Spiegel des Niedergangs
Das Schicksal des Flughafens spiegelt den Niedergang des ganzen Territoriums im vergangenen Jahrzehnt wider. Bei der feierlichen Eröffnung des Airports 1998 hatte der inzwischen gestorbene palästinensische Präsident Jassir Arafat die ersten Maschinen bei der Landung noch mit dem Siegeszeichen begrüsst. «Das ist die Vorbereitung auf die Ausrufung des palästinensischen Staats», erklärte er damals.
75 Millionen Dollar (rund 58 Millionen Euro) hatte der Flughafen gekostet, bezahlt unter anderen von europäischen und arabischen Ländern sowie Japan.

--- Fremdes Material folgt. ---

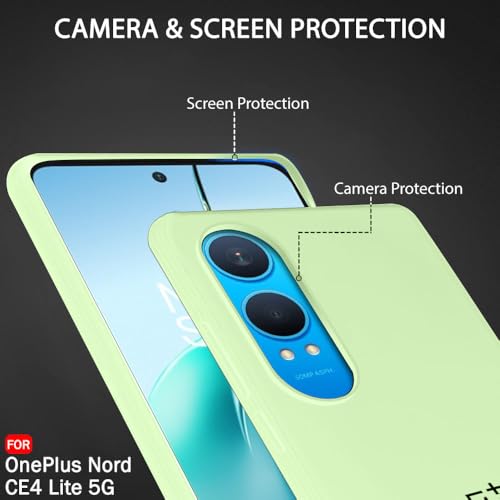 Image of MOBILOVE Back Cover Case for OnePlus Nord CE 4 Lite 5G | Pure Liquid Soft Matte Silicone Case with Logo and Comes with Camera and Screen Protection Case for OnePlus Nord CE 4 Lite 5G (Mint Green)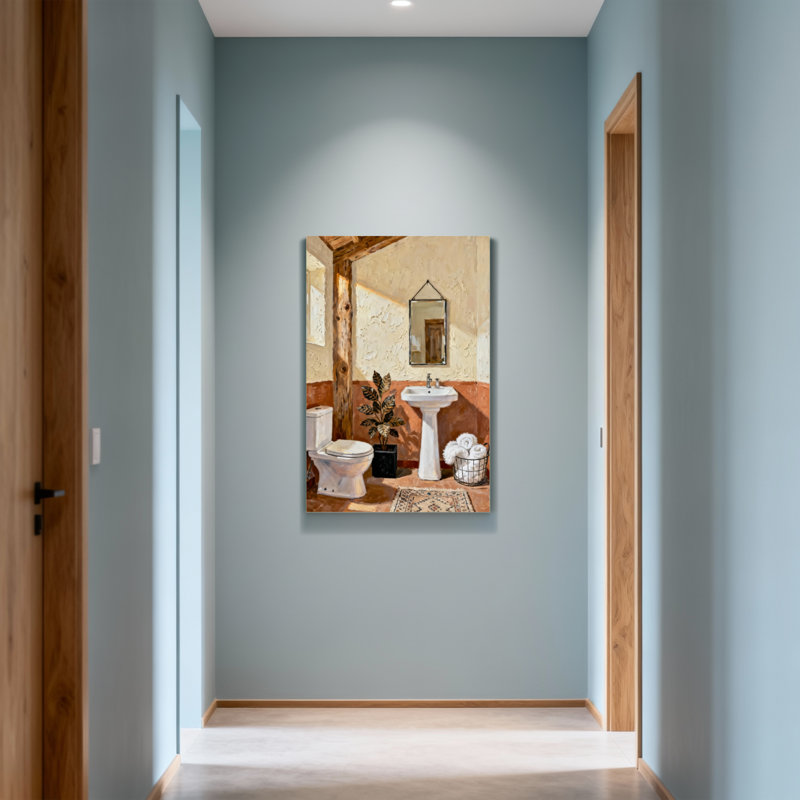 Scène de salle de bain rustique avec lavabo et toilette Bath & Laundry, H 18 po x l 12 po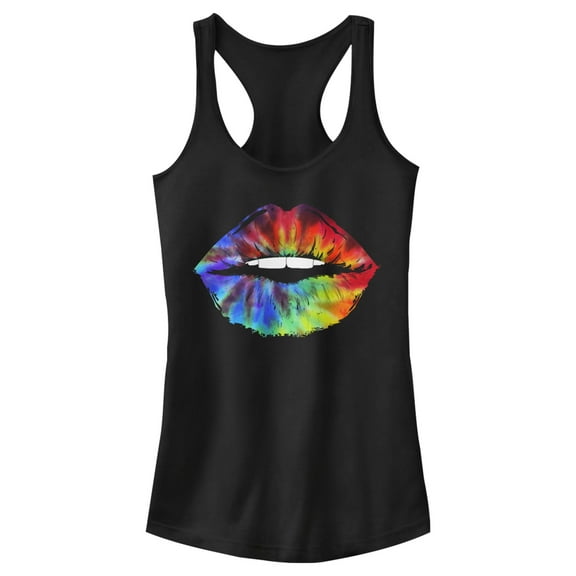 Junior's Lost Gods Tie-Dye Kisses  Racerback Tank Top Black X Small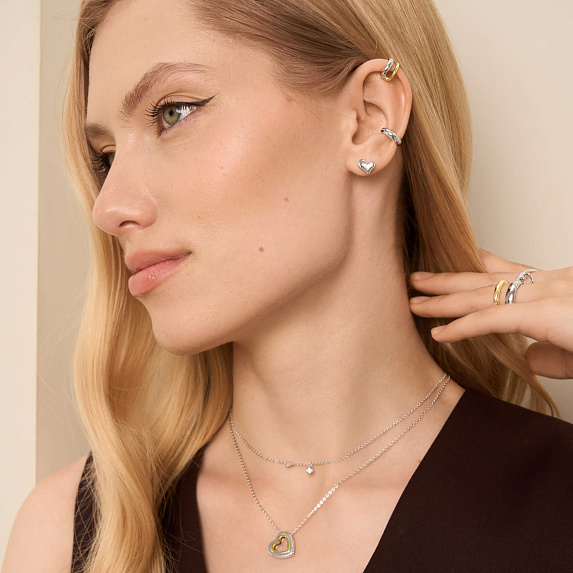 Серьги серебро 925 серебряные гвоздики сердечки Miestilo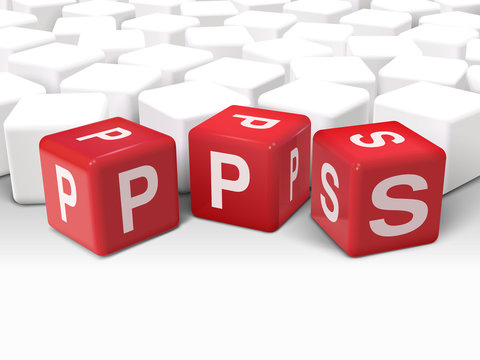 3d dice illustration with word PPS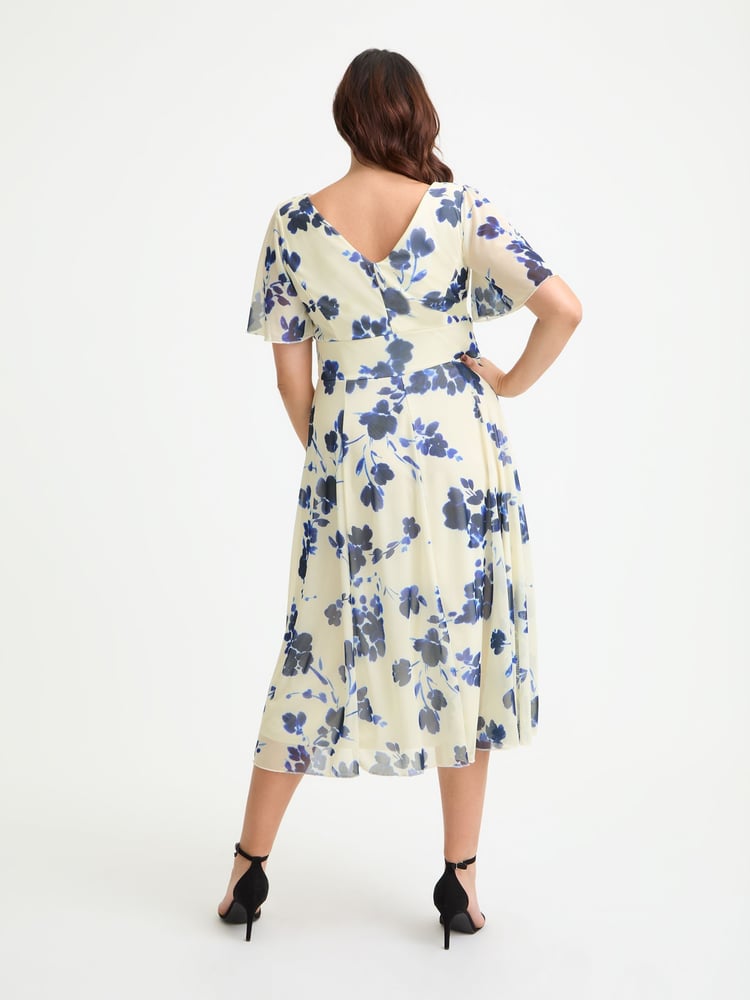 Scarlett & Jo Cream Blue Victoria Angel Sleeve Mesh Long Midi Dress - Image 4 of 4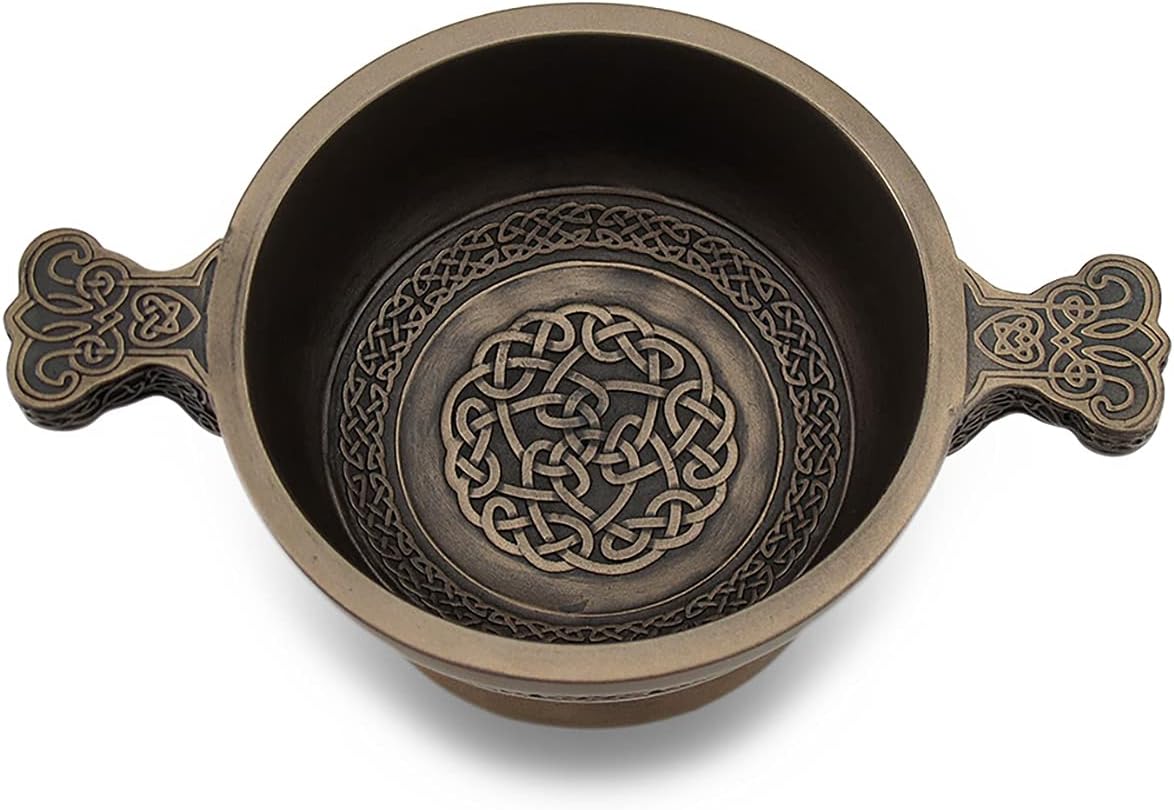 Zeckos Celtic Knotwork Pattern Bronze Finished Two Handled Quaich Cup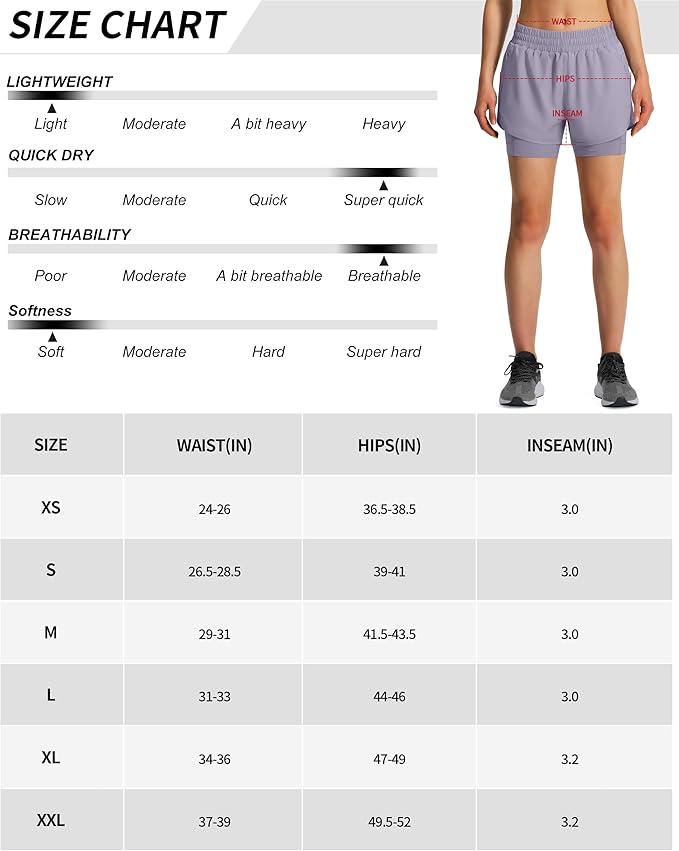 Ksmien Women's 2 in 1 Running Shorts Quick Dry Athletic Gym Workout Shorts with Liner Phone Pockets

Es gab ein Abfertigungsgebäude im marokkanischen Stil, eine VIP-Lounge und eine ausreichend lange Landebahn für alle bis auf die grössten Jumbo-Jets. Der letzte Abflug fand 2001 statt, ein Jahr nach Beginn des zweiten Aufstands der Palästinenser gegen die israelische Besatzung.
Später beschossen die israelischen Streitkräfte den Airport, rückten mit Panzern ein und rissen Aussenmauer und Tower nieder. Seit der Entführung eines israelischen Soldaten durch Militante mit Verbindung zur Hamas 2006 wurde das Gelände immer wieder bombardiert, die Terminals und der grössten Teil der Landebahn wurden schwer beschädigt.
Die Plünderer, darunter auch Frauen und Jugendliche, folgten der Zerstörung Schritt für Schritt. Erst schleppten sie Türen und Fenster, Kacheln und Klimaanlagen davon, jetzt holen sie die Rohre aus der Wand und den Schotter unter dem Asphalt. Es ist die letzte lohnende Trümmerlandschaft - die anderen in Gaza sind schon gründlich gefleddert.